A story from the class of 2022 exemplifies MA–EX graduates. At its heart is Andrew Kastner, an independent artist, and Fourth Floor Design Collective, an emerging design studio co-founded by Natalie Adam and Alex Morpurgo. Three years ago, Kastner, Adam, and Morpurgo were stepping beyond their roles as classmates at the GWU Corcoran; now, by working together and with others in their growing network, they are transforming their graduate school efforts and aspirations into professional accomplishments.
The outgrowth of a practice that Adam and Morpurgo developed while they were students, Fourth Floor Design Collective is currently working on a project that is a realization of Kastner’s graduate research, which reimagined wayside signs as wordless prompts for encouraging deep observation of place. He proposed a redesign of the didactics at Kenilworth Aquatic Gardens in Washington, DC, as a case study in conveying environmental and historical meaning without text.
Not long after he graduated, in October 2022, Kastner suffered a massive stroke, leaving him with severe aphasia — the inability to express himself through speech or writing. Defying the odds and in a serendipitous twist of fate, he is now the 2024–25 Capital Fringe Down to Earth artist in residence at Kenilworth Aquatic Gardens, which invited him to advance his graduate proposal for Kenilworth’s signage. Through it, he is researching and collecting data about the park for an interactive app that will allow visitors to have augmented reality experiences at nine locations in the park.
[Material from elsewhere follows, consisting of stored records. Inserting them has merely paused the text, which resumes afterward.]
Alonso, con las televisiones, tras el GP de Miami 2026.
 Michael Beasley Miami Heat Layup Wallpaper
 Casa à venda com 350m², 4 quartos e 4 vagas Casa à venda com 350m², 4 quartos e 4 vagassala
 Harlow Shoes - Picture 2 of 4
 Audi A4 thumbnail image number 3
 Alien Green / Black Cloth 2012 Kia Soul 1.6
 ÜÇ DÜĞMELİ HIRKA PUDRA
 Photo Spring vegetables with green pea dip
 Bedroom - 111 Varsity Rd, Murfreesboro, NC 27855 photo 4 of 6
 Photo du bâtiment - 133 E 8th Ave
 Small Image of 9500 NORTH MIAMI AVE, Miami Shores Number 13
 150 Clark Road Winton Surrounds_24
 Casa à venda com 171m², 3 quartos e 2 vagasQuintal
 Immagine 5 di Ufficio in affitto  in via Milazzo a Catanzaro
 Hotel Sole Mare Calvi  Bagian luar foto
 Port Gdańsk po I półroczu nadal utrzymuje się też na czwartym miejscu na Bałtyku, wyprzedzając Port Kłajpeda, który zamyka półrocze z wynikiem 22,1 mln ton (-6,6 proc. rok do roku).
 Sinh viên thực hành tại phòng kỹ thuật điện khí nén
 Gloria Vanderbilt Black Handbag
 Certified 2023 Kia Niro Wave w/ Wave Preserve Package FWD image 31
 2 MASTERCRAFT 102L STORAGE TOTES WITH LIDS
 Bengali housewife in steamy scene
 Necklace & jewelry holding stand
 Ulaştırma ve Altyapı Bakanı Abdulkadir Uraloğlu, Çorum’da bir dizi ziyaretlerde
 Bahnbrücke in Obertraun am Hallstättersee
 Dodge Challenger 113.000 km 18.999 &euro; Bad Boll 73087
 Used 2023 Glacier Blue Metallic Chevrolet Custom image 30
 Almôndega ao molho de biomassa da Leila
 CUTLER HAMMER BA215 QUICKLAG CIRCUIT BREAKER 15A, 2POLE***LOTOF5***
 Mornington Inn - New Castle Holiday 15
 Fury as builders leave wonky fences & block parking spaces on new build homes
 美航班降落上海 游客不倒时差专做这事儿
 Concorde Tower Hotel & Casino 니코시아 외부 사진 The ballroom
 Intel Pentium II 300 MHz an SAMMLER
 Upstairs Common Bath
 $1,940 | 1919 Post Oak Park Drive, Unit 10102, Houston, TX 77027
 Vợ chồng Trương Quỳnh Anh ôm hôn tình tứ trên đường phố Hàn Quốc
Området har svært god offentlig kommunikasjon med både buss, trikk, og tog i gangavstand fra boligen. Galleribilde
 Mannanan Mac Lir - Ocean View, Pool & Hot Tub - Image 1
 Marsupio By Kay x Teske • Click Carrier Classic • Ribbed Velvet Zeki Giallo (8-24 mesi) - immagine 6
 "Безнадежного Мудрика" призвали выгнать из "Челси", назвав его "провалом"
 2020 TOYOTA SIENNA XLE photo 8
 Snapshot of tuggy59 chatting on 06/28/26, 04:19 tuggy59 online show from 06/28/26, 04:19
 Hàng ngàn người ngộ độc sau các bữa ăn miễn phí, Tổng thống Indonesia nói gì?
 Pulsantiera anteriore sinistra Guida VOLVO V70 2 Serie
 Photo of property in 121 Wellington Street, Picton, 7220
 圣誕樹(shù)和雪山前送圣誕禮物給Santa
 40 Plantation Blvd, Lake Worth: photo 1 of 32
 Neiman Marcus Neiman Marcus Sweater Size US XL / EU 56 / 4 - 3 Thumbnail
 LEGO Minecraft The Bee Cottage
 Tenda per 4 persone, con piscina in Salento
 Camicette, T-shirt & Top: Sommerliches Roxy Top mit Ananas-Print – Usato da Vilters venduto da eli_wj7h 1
While Kastner is the vision, the motivating force, and the glue for the app development, Fourth Floor Design Collective is the voice, providing verbal and visual support. Beyond this core trio, the effort is a show of collaborative force, drawing in an extensive network of contributors. Corey Howell, a GWU alumnus from the interaction design program, is doing 3D modeling and front-end asset design. Kevin Patton, interaction design faculty at the GWU Corcoran, is leading front and back-end development. Andrea Dietz, Kastner’s thesis instructor, and other MA–EX alumni act as critical advisors.
Kastner sees the work of the residency as a first experiment among many in designing for post-linguistic audience engagement. Fourth Floor Design Collective is using the project to strengthen ties to the community that gave them their start and to inform their creative practice. And all involved in — and aware of this group effort — appreciate it as an object lesson in overcoming adversity and starting all over, again.